_INSTRUCTIONS FOR THE TASK_. Note how many lines in the material have "York", and give only that figure.

START DATA TO USE

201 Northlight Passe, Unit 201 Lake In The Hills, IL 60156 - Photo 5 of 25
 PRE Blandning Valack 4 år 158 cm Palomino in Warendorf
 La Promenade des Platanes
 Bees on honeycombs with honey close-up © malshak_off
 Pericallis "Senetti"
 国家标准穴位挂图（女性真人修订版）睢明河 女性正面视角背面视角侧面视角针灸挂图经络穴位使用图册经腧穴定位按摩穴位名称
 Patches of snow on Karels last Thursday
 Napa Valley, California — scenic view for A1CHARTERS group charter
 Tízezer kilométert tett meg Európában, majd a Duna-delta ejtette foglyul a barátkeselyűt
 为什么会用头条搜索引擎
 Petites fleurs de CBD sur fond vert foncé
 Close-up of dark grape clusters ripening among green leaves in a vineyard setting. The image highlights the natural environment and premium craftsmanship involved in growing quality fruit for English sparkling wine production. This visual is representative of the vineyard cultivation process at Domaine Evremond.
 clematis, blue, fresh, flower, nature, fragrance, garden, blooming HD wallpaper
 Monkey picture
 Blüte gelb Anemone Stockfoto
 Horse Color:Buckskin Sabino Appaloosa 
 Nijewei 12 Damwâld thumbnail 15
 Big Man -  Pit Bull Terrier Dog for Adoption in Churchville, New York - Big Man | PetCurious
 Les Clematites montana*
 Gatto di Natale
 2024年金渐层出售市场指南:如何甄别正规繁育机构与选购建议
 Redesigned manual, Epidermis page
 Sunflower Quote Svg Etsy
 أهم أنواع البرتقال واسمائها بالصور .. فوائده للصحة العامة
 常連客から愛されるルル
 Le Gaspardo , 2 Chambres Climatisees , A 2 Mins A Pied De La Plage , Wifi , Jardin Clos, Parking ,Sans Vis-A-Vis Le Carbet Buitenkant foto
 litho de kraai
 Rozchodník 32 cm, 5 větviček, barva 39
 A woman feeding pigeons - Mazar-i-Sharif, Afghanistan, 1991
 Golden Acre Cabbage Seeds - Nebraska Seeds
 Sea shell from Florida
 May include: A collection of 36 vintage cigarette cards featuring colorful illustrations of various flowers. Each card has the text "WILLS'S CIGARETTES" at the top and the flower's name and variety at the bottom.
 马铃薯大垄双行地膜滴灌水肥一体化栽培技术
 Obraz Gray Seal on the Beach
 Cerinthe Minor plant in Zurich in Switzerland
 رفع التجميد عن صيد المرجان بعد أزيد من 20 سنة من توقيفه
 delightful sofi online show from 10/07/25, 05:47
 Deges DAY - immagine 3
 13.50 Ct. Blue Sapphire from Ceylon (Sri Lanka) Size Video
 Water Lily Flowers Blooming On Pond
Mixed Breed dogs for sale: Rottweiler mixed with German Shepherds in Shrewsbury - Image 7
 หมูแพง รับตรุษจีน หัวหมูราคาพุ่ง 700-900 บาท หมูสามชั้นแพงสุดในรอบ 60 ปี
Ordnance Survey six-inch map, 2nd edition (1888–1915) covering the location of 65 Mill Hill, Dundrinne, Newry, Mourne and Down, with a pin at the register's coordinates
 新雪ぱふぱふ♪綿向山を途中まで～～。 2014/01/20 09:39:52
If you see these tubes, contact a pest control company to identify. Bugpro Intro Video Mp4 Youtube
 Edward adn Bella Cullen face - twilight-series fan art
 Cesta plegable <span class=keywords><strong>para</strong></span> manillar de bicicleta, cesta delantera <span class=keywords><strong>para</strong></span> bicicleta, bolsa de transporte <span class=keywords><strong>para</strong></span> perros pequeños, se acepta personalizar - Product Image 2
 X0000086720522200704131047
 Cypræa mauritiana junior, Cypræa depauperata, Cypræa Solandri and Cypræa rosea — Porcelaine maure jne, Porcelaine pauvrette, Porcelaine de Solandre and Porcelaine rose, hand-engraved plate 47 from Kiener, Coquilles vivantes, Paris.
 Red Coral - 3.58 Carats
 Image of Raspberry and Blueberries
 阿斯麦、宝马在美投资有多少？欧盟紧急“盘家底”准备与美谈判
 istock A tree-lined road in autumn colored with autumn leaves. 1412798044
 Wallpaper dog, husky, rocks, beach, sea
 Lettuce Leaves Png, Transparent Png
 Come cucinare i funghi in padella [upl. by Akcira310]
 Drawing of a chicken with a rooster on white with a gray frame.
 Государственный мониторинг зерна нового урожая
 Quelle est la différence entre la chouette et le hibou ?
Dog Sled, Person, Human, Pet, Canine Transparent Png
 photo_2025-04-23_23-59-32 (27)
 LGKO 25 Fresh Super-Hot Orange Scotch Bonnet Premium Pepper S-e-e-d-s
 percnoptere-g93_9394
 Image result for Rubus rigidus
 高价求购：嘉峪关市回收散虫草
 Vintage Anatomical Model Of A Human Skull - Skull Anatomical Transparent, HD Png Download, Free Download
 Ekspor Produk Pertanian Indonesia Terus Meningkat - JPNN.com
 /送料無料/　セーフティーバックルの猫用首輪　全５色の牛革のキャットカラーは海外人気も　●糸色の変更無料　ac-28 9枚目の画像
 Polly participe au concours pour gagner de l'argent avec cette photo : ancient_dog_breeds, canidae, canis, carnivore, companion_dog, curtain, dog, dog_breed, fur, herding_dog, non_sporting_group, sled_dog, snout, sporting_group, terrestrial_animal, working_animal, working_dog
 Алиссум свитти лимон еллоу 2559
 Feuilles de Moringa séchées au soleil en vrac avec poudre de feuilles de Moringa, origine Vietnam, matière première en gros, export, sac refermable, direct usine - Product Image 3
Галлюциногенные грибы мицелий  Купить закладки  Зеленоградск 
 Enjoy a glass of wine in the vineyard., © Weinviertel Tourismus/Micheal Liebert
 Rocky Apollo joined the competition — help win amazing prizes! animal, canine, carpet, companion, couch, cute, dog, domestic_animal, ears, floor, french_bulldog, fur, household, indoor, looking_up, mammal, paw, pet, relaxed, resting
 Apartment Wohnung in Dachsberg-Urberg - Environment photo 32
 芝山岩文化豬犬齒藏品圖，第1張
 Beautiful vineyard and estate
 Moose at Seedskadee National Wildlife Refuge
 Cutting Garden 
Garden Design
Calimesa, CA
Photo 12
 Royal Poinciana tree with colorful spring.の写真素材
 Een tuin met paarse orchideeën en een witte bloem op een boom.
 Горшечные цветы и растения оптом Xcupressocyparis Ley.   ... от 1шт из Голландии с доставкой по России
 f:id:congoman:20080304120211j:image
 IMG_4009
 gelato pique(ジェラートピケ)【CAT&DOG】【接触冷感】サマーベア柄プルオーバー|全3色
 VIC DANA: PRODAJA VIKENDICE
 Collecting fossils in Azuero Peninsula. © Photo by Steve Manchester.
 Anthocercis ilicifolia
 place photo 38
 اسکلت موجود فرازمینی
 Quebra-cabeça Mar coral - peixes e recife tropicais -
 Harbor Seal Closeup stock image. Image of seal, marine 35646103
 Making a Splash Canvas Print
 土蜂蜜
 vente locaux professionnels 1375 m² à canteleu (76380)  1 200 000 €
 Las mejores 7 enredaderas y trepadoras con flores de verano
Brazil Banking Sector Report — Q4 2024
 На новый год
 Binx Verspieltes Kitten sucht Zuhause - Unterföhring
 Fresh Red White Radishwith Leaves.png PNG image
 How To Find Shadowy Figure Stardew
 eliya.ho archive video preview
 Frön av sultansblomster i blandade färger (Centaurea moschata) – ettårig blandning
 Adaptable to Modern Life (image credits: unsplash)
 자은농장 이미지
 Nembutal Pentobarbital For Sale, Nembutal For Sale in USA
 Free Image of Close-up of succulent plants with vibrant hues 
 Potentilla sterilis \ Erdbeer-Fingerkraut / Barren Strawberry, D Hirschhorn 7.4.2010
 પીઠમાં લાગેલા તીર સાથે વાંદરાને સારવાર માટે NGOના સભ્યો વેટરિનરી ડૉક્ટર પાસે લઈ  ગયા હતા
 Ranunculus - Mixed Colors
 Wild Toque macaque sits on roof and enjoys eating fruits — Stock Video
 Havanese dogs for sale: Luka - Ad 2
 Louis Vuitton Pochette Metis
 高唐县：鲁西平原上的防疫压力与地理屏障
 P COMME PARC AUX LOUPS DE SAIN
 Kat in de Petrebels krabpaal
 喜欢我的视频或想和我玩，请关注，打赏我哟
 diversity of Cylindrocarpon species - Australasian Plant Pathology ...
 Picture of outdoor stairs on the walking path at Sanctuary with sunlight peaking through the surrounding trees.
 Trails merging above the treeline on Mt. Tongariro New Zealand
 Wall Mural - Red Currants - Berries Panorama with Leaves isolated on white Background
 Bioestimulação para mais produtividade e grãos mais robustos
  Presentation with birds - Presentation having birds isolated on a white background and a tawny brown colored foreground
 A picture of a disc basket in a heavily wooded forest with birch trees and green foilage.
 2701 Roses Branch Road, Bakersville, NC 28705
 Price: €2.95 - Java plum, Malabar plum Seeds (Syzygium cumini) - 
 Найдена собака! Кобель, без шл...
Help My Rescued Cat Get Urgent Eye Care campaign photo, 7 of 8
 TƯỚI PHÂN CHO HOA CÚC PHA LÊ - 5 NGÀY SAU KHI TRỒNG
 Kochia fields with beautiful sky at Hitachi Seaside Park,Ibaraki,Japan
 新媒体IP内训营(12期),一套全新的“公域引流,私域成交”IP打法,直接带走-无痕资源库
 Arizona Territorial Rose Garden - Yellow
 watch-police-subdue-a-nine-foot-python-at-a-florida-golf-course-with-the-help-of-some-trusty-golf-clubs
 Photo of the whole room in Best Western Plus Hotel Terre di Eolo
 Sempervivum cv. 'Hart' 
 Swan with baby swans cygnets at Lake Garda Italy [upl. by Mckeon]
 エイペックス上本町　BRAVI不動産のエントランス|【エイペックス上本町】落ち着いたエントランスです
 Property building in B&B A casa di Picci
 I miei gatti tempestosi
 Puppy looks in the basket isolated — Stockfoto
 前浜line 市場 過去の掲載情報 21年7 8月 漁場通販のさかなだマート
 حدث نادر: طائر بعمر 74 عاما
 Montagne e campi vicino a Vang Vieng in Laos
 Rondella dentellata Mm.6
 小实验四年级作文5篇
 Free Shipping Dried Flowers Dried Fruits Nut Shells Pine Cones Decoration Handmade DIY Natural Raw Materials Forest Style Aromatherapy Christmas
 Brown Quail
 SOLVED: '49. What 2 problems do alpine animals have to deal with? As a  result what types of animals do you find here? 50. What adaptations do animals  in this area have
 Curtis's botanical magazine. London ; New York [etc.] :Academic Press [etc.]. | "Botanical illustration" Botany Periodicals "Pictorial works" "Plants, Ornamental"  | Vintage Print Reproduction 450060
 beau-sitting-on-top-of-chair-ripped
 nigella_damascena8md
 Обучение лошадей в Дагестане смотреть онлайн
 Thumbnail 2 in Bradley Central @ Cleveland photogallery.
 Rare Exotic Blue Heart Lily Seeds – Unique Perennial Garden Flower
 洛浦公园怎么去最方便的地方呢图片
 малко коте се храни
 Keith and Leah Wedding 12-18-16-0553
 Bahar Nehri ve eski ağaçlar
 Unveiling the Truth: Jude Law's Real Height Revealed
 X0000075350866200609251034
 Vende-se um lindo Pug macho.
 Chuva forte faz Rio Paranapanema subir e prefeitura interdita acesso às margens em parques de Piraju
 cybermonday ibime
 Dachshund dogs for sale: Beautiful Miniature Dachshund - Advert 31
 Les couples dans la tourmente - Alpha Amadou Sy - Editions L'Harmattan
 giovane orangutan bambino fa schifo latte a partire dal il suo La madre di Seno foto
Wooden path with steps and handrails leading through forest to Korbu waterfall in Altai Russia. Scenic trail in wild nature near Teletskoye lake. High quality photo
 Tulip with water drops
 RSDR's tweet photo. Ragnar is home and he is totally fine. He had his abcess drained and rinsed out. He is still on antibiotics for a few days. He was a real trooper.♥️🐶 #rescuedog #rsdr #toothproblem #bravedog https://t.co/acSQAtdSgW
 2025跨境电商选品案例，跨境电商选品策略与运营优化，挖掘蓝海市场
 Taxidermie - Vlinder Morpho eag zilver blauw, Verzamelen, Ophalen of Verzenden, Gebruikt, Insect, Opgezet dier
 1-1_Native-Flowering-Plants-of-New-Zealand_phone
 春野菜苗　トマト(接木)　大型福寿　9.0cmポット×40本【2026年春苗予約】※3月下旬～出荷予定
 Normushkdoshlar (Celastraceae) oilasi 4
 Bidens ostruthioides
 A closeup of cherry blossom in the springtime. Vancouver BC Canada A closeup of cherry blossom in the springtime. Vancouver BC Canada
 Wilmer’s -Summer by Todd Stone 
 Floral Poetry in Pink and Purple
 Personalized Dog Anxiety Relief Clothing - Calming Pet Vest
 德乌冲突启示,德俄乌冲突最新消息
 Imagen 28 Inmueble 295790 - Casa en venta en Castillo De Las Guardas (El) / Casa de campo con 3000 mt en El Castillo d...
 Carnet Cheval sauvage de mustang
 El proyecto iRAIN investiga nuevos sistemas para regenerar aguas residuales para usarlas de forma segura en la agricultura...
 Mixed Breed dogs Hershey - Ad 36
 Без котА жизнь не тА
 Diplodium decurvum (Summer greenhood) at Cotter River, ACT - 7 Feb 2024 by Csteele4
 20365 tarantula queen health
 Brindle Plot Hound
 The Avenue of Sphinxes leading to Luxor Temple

END DATA TO USE

_EXERCISE RESULT_. 2